Requirement:
Each line below is to be repeated exactly; any picture is to be left out.
----------------------------------------
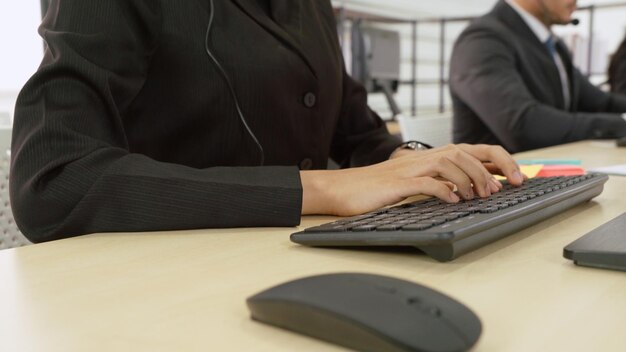 Mann arbeitet am Tisch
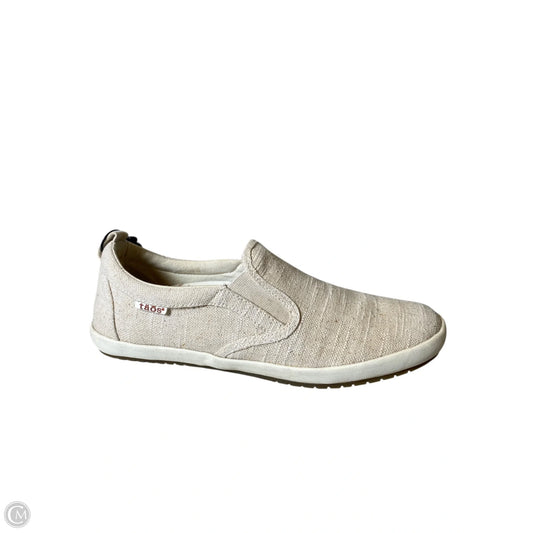 Shoes Flats By Taos In Cream, Size: 9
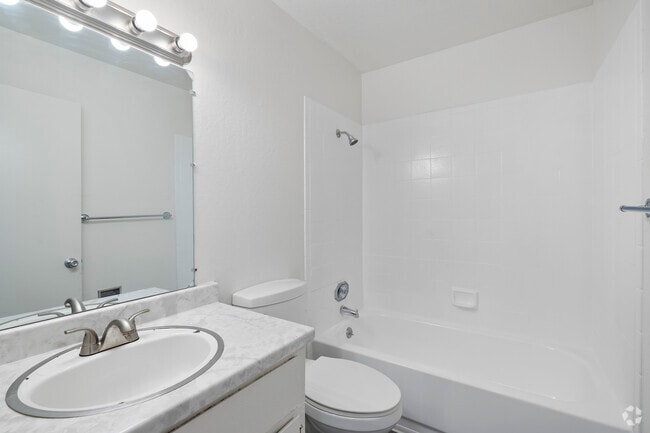 Bathroom - 2 Bd, 1 Ba, 790 sq ft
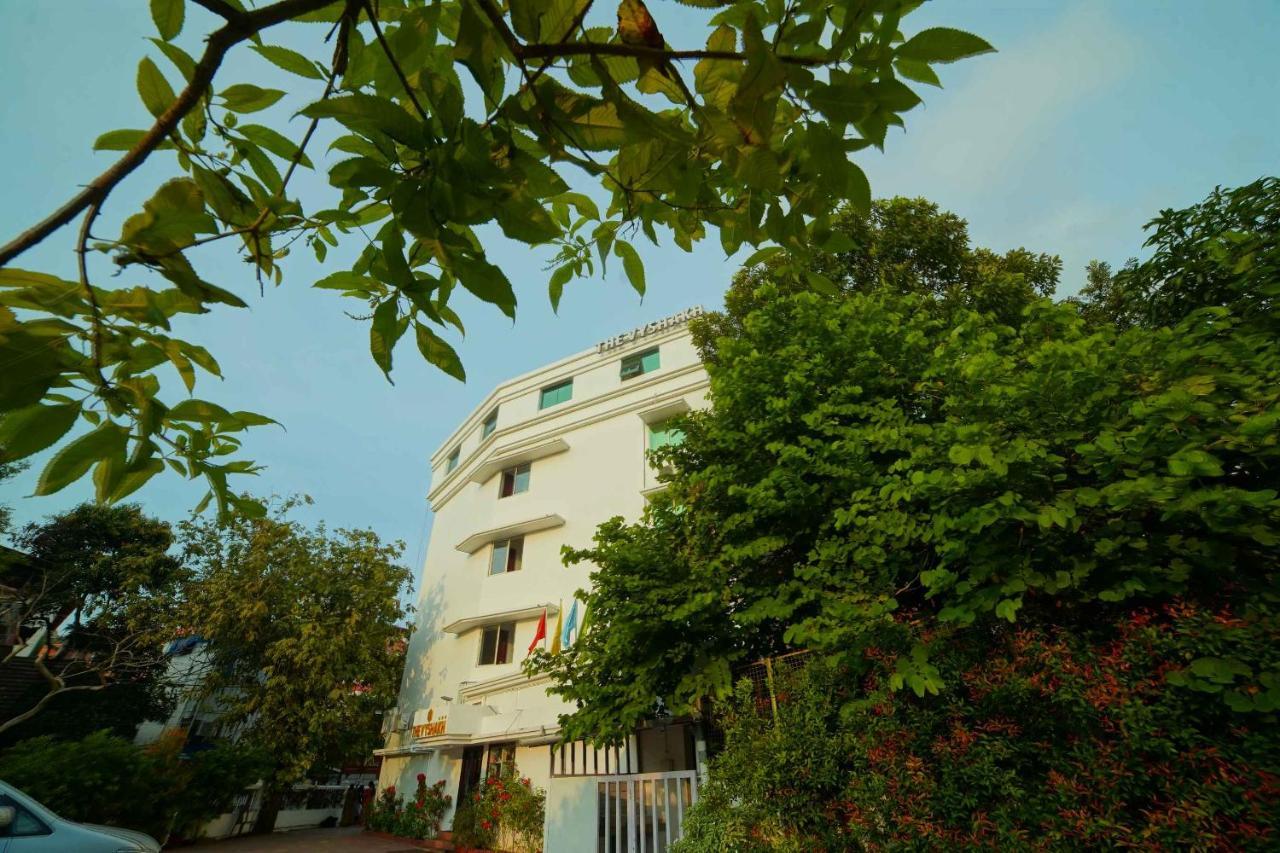 The Vyshakh Hotel Guruvayur Exterior photo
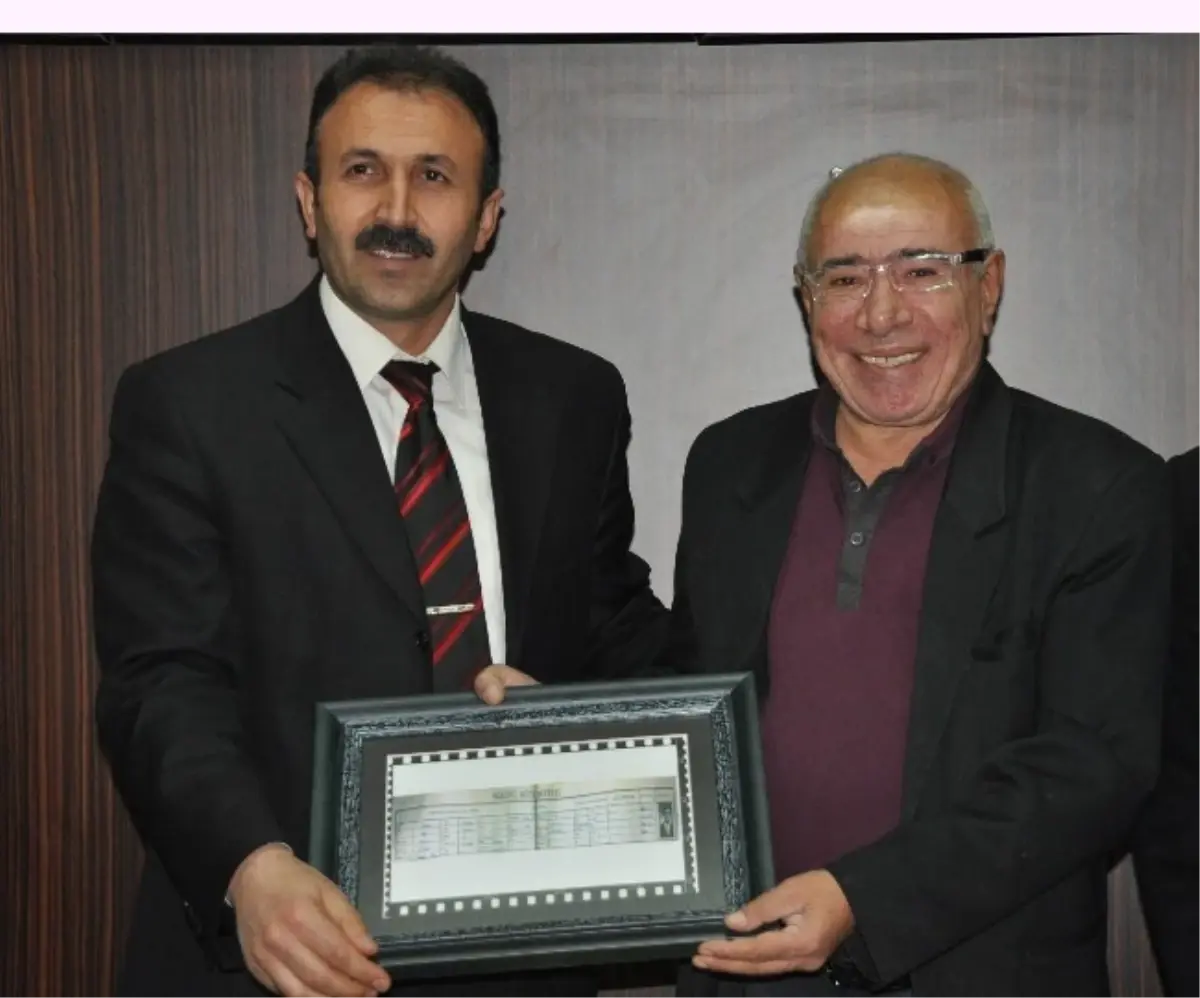 İlyas Salman, 42 Yıl Sonra Okulunu Ziyaret Etti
----------------------------------------
Exercise result:
 Mann arbeitet am Tisch
 Shoes Flats By Taos In Cream, Size: 9
 Bathroom - 2 Bd, 1 Ba, 790 sq ft
 The Vyshakh Hotel Guruvayur Exterior photo
 İlyas Salman, 42 Yıl Sonra Okulunu Ziyaret Etti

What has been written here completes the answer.